We were standing waiting at the bottom of the cliff that would give us access to Debre Damo, one of Ethiopia’s holiest and hardest-to-reach churches. My guide, Gabriel, had led me up a steep mountain path and then a series of zigzagging steps until we eventually stopped at the final hurdle, one of us breathless, the other calmly chewing on a stalk of grass. My girlfriend waited in the village below, an unfortunate holder of a Y chromosome and therefore forbidden from entering the holy site, which was lived in by over 100 monks and priests. Apparently female animals weren’t allowed either, I explained to her the night previously, which didn’t really placate her at all.
Visiting the rock-hewn churches in the north of Ethiopia is no simple matter, and I defy any grown man not to feel like Indiana Jones as he’s scaling a vertical wall or shimmying along a dusty, 20-inch-wide shelf a few thousand feet high, an ashen-faced Coptic priest guarding the secret door at the end.
Gabriel and I watched as the priest nimbly followed the rope down, scaling the cliff in his woven sandals as confidently as a Ukrainian contortionist showing off at Twister. He joked and cajoled with my guide as he strapped what appeared to be a homemade cowhide harness to me before shouting up to the empty little doorway where the rope disappeared. Another small head popped out, nodded curtly and darted back inside. I felt the rope go taut, turned my head briefly and caught the expectant smiles of my guide and the priest, before half-scrambling/being half-dragged up the cliff. Only once I’d ungracefully hauled my backside into the small opening by slithering through on my stomach was I able to stand and meet the robed Hercules who’d heaved me up. It was more than a little disconcerting to find a small wiry priest-lad, barely a sweat on his tufted upper lip.
Debre Damo stands on top of an amba, or flat, anvil-shaped mountain top, which offers the sort of epic panoramas you’d expect from a North Face advert. There’s so much dust and rock, scree and sand that it looks like the quarry that God left behind after fashioning the mountains of the world. Terraces tumble down the mountainsides, canyons scar the desert floor and the sky seems to struggle to keep the landscape together. Gabriel pointed out a shimmering Somalia to the North, only a few miles away yet separated by a ridge of impenetrable precipices.
We visit the church itself, built of wattle and daub, and enter into the dark coolness of the inner sanctum, a welcome respite from the squinting blindness outside. A frail old priest holds the door open to throw light up to the painted ceilings and the benign faces of the saints and apostles staring down at us. Just as our eyes accustom, the priest politely, or perhaps involuntarily, coughs and taking it as a sign we step once more into the heat of the day. We amble through the village atop the amba, a motley collection of brick walls and houses, where the priests and monks live and pray, the line between the two seemingly indistinct. Water holes have been excavated here and there, and a rim of cacti frames the village edge, a final barrier against intrusion. Some of the priests have remained up here for 30 or 40 years, sending only their young novices down to the village below for supplies.
In fact, the difficult-to-reach nature is a feature of many of the rock-hewn churches in Tigray.
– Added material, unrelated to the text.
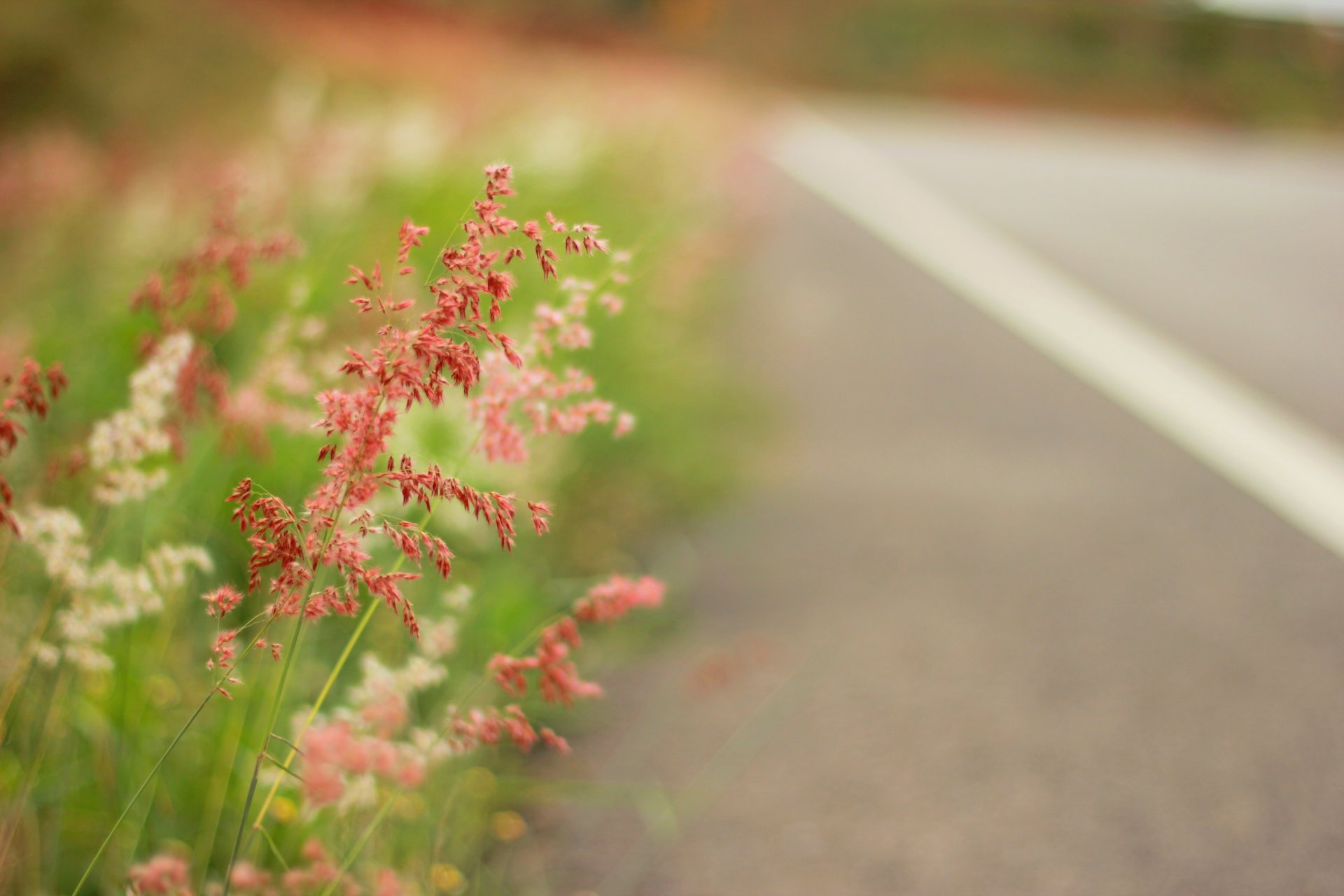 polana trawa autostrada lato makro natura łąka lato droga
Partly, as Gabriel had told me, to symbolize the struggle required to reach heaven and partly do to expediency; many of the churches were built at a time when surrounding lands were being conquered by Islam and the ambas and cliffs offered a defense that few would dare scale. The story goes that 9 saints left Syria and arrived in Axum, one of the great ancient civilizations of the world (and of which we know the least), from where they then spread out through the region building churches that would remain in use for the next 1500 years.
Abu Yemata was one of these 9 priests, and he is responsible for building one of the most inaccessible, and thrilling to visit; Abuna Yemata Guh. Though not, as I soon discovered, with a bout of food poisoning courtesy of some suspect injera the day previously. After a little lackluster haggling for the price of the guide at the bottom of the mountain, interspersed with a discreet retch on the other side of a tree, we had set off toward the church positioned, it seemed, in the middle of the sky. Snaking and scrabbling our way up the slope we stopped just as I felt my stomach might like to try another escape. This rest turned out to be the cold-sweated calm before the storm and as I gathered my thoughts and intestinal strength I wondered why someone had put this rather uneven wall in front of us. The guide must have noticed my expression for he laughed, unceremoniously grabbed my buttocks, and shoved me upwards. My memory has since gone blank at how he managed to get me to the top but I seem to recall it involved a sort of Spiderman manoeuvre on the part of the guide, scurrying around me in a flash of robes, placing my feet and hands in different holds worn smooth by the passage of many a pilgrim.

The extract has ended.